I can't seem to find how $A_{n}(q)=q^nA_{n-1} (q)$ iterates to
$$A_{n}(q) = q^{n+1 \choose 2}A_{0}(q)$$
Where ${a \choose 2} = a(a-1)/2$ and absolute value of q is less than 1.

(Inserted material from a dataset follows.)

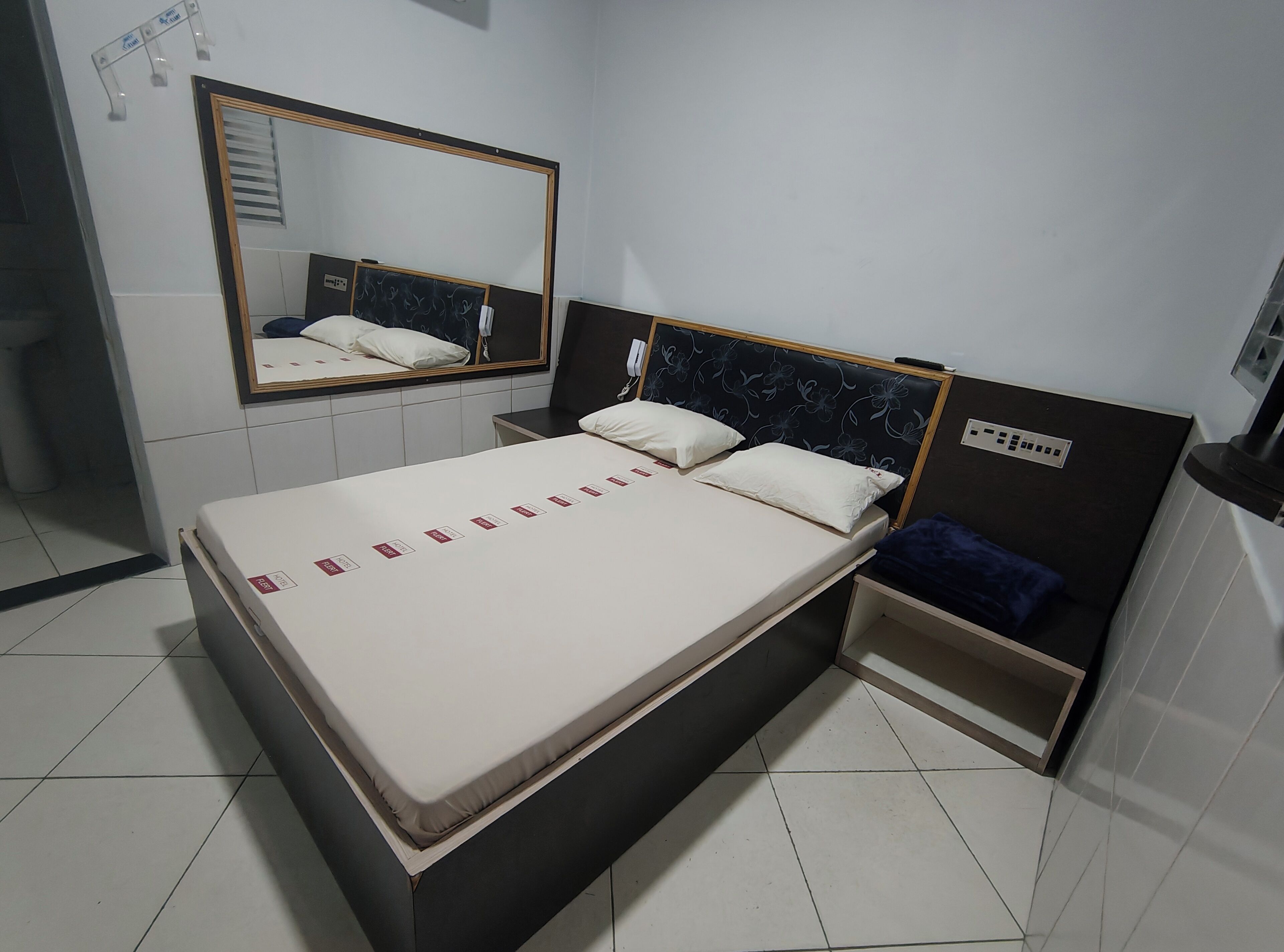 Schreibtisch, kostenloses WLAN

I understand that I am supposed to find $q^nA_{n-1} (q)$ in terms of $n-2$ and then so on until $n-n$ but I can't seem to figure it out. Thanks!
On
Simply look at the first terms: $$A_1(q) = q A_0(q)$$ $$A_2(q) = q^2 A_1(q) = q^2 \cdot q A_0(q)$$ $$A_3(q) = q^3 A_2(q) = q^3 \cdot q^2 \cdot q A_0(q)$$ and so on. The $n$-th term will be (using induction) $$A_n(q)=q^n \cdots q^2 \cdot q A_0(q) = q^{n+\cdots +2+1} A_0(q)$$ Finally, you should know that $n+ (n-1)+ \cdots + 2+1 = \binom{n+1}{2}$, and the result is proved.
On
$$A_{n}(q)=q^nA_{n-1} (q)$$
Firstly Put $n=1$
$$A_{1}(q)=q^1A_{0} (q)$$
then Put $n=2$
$$A_{2}(q)=q^2A_{1} (q)$$
We got $A_{1}(q)=q^1A_{0} (q)$ in first step $$A_{2}(q)=q^2A_{1} (q)=q^2 .q^1A_{0} (q)=q^{1+2} A_{0} (q)$$
then Put $n=3$ $$A_{3}(q)=q^3A_{2} (q)$$ We got $A_{2}(q)=q^{1+2} A_{0} (q) $ in second step $$A_{3}(q)=q^3A_{2} (q)=q^3 .q^{1+2} A_{0} (q)=q^{1+2+3} A_{0} (q)$$
If you continue $n$ steps in this way , finally you will get:
$$A_{n}(q)=q^{1+2+3+....+n} A_{0} (q)$$
Consider the sequence $\log A_n(q)$, which satisfies
$$ \log A_n(q) = n \log q + \log A_{n-1}(q). $$
Iteratively, we obtain
$$ \begin{align} \log A_n(q) &= n \log q + \log A_{n-1}(q) \\ &= n \log q + (n-1)\log q + \log A_{n-2}(q) \\ & \qquad \vdots \\ &= n \log q + (n-1)\log q + \dots + \log q + \log A_0(q) \\ &= (n + (n-1) + \dots + 1)\log q + \log A_0(q) \\ &= \frac{n(n+1)}{2}\log q + \log A_0(q) \end{align} $$ and exponentiating gives the result.